As Is

$10.00

In stock

 

poems by

Debra A. Daniel

Poetry book, 42 pages, $8 cover price, selling price: $10 (due to low inventory)

ONLY a handful of copies available before this goes OUT OF PTINT

ISBN: 9781599481661

Released: 2008

* * * Selected for publication as a result of finishing as a finalist in the
2008 MSR CHAPBOOK CONTEST * * *

 

Debra A. Daniel was named SC Arts Commission Poetry Fellow in 2006 and in 1994. She was awarded the Guy Owen Prize in 2002. Her work has been published in darkskymagazine.com, Kakalak, Emrys Journal, Pequin.org, Inkwell, Southern Poetry Review, Tar River Poetry, Gargoyle, The Poetry Society of SC Yearbook, The State, the Charleston Post and Courier, Inheritance: Selections from SC Fiction Project Winners, and Twenty SC Poetry Fellows. On the same day she retired from a career teaching elementary school, she accepted a marriage proposal.

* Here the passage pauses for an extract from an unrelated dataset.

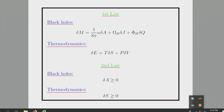Even more remarkable is the analogy between the area theorem and the second law. The area theorem says the area of the event horizon of a black hole never decreases with time. There aren't many physical laws of that character — one of them is the second law of thermodynamics, which asserts that entropy is non-decreasing. This is a remarkable analogy.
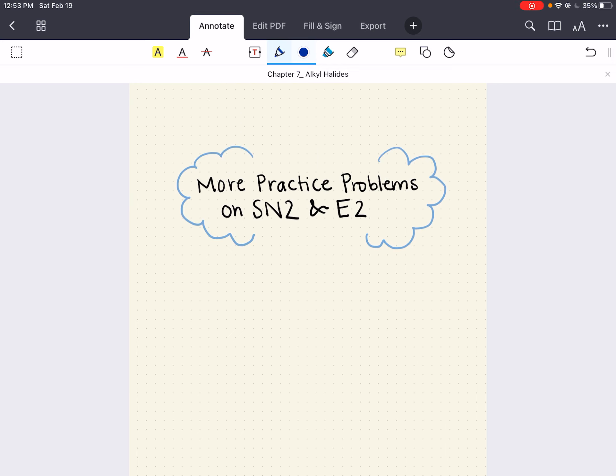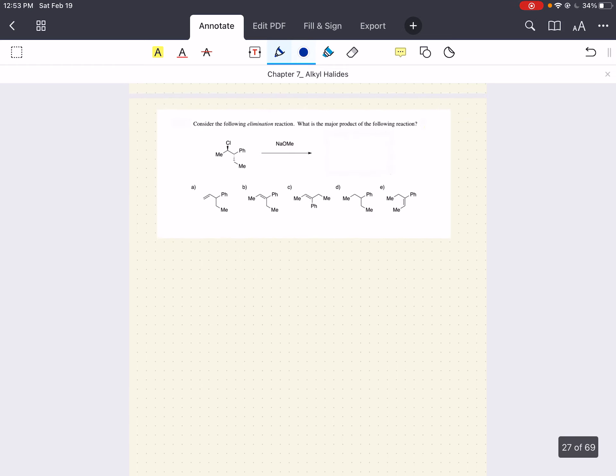Hello everybody, my name is Iman. Welcome back to my YouTube channel. Today we're just going to do a couple more SN2 and E2 reactions. In the last two lectures we spent one covering SN2, we spent one covering E2, and we did plenty of problems, but why not do just a few more before we dive into SN1 and E1 reactions. So this lecture is just going to be four or five more problems where we work out each question in detail, and then we can finally get to E1 and SN1. Let's go ahead and jump right in.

Now she sings, plays mandolin and percussion in an eclectic acoustic band, and is living happily ever after in Columbia, SC, with her musician husband, Jack McGregor.

What My Parents Never Told Me

If, in first date darkness,
watching Myrna Loy and William Powell,
he reached for her hand.
Did she think him fresh to attempt a kiss
and turn from his lips?
If, dancing at Twin Lakes,
he held her close enough
to smell the crescent of gardenias
curving the nape of her neck.
If, on their wedding day, his sergeant
in a stiff uniform and her sister,
sworn to secrecy, stood up for them
in an army chapel,
or if, in a polished wood office
only city hall strangers witnessed their joining.
Did she, in a borrowed linen suit weep
while he fumbled for his handkerchief,
tilted her chin to make a bashful dab at her tears?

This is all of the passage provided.